--- START ---
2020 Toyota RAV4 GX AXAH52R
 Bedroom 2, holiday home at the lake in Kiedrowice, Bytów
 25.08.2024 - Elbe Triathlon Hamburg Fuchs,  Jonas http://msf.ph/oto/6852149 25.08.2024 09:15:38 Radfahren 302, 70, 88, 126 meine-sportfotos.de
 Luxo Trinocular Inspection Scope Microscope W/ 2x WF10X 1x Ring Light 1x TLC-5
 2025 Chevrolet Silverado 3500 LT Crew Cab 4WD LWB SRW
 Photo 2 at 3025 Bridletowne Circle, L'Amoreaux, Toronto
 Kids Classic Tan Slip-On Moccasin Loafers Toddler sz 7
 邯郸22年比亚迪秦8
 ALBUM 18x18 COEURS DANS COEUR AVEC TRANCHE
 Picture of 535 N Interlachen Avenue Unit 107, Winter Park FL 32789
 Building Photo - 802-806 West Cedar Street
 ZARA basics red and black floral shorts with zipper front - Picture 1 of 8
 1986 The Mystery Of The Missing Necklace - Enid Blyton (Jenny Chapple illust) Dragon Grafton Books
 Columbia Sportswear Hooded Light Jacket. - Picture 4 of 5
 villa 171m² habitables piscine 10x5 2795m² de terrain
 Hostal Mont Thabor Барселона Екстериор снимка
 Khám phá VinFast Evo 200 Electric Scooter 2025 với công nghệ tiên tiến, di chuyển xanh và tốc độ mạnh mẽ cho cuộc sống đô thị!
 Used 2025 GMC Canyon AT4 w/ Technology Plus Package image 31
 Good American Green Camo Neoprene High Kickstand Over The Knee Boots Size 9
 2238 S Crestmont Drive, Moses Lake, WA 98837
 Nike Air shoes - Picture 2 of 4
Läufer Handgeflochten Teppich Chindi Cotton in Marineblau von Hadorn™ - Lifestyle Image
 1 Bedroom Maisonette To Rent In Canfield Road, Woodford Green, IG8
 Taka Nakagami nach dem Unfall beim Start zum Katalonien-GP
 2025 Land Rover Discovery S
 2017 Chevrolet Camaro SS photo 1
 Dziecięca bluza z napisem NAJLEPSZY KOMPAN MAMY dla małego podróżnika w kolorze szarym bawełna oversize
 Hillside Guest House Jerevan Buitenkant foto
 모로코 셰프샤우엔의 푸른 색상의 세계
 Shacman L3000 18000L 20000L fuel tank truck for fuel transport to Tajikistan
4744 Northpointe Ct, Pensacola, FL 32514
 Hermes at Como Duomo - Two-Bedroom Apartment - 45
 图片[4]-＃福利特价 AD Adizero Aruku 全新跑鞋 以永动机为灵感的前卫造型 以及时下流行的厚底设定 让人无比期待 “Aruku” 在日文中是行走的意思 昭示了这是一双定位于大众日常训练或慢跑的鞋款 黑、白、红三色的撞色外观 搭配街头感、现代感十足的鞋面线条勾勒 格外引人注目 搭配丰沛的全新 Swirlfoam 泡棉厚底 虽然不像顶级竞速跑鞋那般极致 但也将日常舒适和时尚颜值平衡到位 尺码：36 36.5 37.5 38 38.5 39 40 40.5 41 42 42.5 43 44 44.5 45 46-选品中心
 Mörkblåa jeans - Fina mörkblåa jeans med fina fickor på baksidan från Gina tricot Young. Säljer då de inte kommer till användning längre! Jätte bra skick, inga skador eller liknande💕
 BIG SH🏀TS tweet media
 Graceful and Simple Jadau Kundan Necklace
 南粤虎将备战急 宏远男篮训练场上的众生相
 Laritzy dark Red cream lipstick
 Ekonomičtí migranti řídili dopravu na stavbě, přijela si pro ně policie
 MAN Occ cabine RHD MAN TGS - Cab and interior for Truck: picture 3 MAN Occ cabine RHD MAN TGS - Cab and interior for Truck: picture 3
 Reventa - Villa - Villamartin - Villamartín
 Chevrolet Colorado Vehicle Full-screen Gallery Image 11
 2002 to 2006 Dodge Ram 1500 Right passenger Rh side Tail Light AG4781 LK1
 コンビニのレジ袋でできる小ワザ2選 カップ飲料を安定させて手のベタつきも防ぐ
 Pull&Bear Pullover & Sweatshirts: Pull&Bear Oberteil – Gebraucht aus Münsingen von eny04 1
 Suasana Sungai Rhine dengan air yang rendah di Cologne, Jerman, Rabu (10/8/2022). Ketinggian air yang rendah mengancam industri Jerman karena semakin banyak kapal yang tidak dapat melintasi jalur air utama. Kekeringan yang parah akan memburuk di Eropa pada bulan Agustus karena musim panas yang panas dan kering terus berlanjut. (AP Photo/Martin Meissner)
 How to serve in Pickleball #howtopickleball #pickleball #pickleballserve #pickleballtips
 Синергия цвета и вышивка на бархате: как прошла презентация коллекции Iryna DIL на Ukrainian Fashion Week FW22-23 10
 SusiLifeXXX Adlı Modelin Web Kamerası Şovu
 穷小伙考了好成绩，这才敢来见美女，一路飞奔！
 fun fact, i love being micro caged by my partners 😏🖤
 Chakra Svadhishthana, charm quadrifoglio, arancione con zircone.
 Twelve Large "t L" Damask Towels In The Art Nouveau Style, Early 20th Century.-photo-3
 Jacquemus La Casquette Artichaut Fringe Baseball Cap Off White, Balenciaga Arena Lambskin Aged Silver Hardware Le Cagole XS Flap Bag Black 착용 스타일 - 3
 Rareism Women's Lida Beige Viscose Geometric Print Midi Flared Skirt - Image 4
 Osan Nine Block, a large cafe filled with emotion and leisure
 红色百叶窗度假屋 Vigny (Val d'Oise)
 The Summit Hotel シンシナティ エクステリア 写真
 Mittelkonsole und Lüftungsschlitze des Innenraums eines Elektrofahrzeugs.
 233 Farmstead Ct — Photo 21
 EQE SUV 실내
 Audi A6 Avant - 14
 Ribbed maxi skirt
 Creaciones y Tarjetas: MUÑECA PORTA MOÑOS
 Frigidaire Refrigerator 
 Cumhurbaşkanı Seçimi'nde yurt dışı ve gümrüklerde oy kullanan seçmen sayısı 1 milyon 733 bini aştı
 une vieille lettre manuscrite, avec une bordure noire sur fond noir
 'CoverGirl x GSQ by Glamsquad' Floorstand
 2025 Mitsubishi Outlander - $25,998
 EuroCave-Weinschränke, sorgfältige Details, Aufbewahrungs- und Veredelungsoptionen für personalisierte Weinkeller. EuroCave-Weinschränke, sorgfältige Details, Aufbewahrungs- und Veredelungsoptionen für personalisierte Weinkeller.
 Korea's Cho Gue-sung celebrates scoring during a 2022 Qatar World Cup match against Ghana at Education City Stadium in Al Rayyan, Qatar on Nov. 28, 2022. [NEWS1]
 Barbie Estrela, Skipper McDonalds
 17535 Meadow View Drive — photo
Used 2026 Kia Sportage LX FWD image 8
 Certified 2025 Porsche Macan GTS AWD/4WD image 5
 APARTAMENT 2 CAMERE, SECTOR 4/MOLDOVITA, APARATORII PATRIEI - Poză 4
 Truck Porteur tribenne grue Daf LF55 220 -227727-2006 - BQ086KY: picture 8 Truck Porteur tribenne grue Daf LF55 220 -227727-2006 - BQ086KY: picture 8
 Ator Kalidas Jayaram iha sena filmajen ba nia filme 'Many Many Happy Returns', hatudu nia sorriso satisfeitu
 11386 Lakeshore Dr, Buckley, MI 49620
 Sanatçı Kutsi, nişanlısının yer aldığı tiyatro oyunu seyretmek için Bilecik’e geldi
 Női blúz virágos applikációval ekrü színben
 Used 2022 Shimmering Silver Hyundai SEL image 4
--- END ---
### What you should do
Please print verbatim each line from the first line of the entries above to the line that contains "Hostal Mont Thabor", inclusive, and nothing more.

### Result
2020 Toyota RAV4 GX AXAH52R
 Bedroom 2, holiday home at the lake in Kiedrowice, Bytów
 25.08.2024 - Elbe Triathlon Hamburg Fuchs,  Jonas http://msf.ph/oto/6852149 25.08.2024 09:15:38 Radfahren 302, 70, 88, 126 meine-sportfotos.de
 Luxo Trinocular Inspection Scope Microscope W/ 2x WF10X 1x Ring Light 1x TLC-5
 2025 Chevrolet Silverado 3500 LT Crew Cab 4WD LWB SRW
 Photo 2 at 3025 Bridletowne Circle, L'Amoreaux, Toronto
 Kids Classic Tan Slip-On Moccasin Loafers Toddler sz 7
 邯郸22年比亚迪秦8
 ALBUM 18x18 COEURS DANS COEUR AVEC TRANCHE
 Picture of 535 N Interlachen Avenue Unit 107, Winter Park FL 32789
 Building Photo - 802-806 West Cedar Street
 ZARA basics red and black floral shorts with zipper front - Picture 1 of 8
 1986 The Mystery Of The Missing Necklace - Enid Blyton (Jenny Chapple illust) Dragon Grafton Books
 Columbia Sportswear Hooded Light Jacket. - Picture 4 of 5
 villa 171m² habitables piscine 10x5 2795m² de terrain
 Hostal Mont Thabor Барселона Екстериор снимка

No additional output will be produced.